Well, on the other hand, I got an A on my “Healthy Me” portrait! So glad, actually. I thought my answer sucked, but I actually got a 40/40 ;D
Oh, and tomorrow is picture day (: I guess you only get a few chances in life to make a first impression. But honestly, I have my life. It involves being a weirdo. It involves being a nerd. And yes, it involves being ASIAN :] Without my weirdo-friends and my even weirder personality, I swear, my life would be incomplete. If I was “normal”, I wouldn’t have went on top of the ferris wheel with ‘Mae’ and started singing Spongebob songs, right? But then again, SG makes kids weird
Apparently, people still rebel against the uniforms, but if you’ve been in a uniform from kindergarten to beyond, it’s honestly no big deal. I’m just glad I don’t have to wear a friggin skirt every day and that I actually get to wear jeans ;D
Did I mention my day yet? Oh. Well, it was awkward, especially during 5th and 6th period.

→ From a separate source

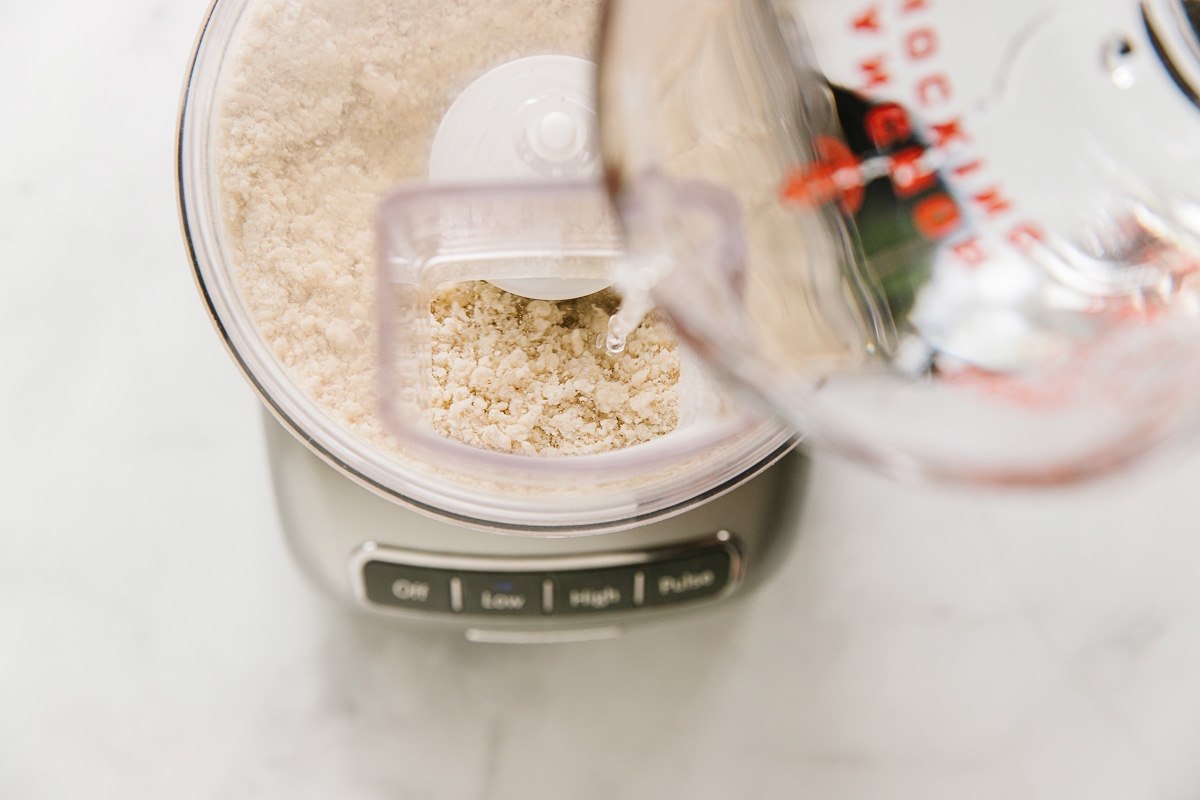 A food processor with dry ingredients with a measuring cup with water pouring in it.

So after P.E., I was on a sugar-high, so me and this one girl started laughing loud and well, I started yapping about mental facilities. Haha. And then, during 6th period, elective [WOO!] I was sort of off it, because I drank all of my water. Although, there was this one kid, who’s name I had totally forgot, who was talking to people, and was like, “Oh, you know who’s like, the quietest kid in this classroom?” and pointed at me. So then I replied saying, “I’m quiet, NOT DEAF.” Well, wasn’t that weird, but I got a laugh out of it after school.
I have no idea how I sort of use this blog as a diary-thing. But I’ll probably just get to actually writing things that don’t relate to [guys I like], [school], [class you-know-what's], etcetera, etcetera.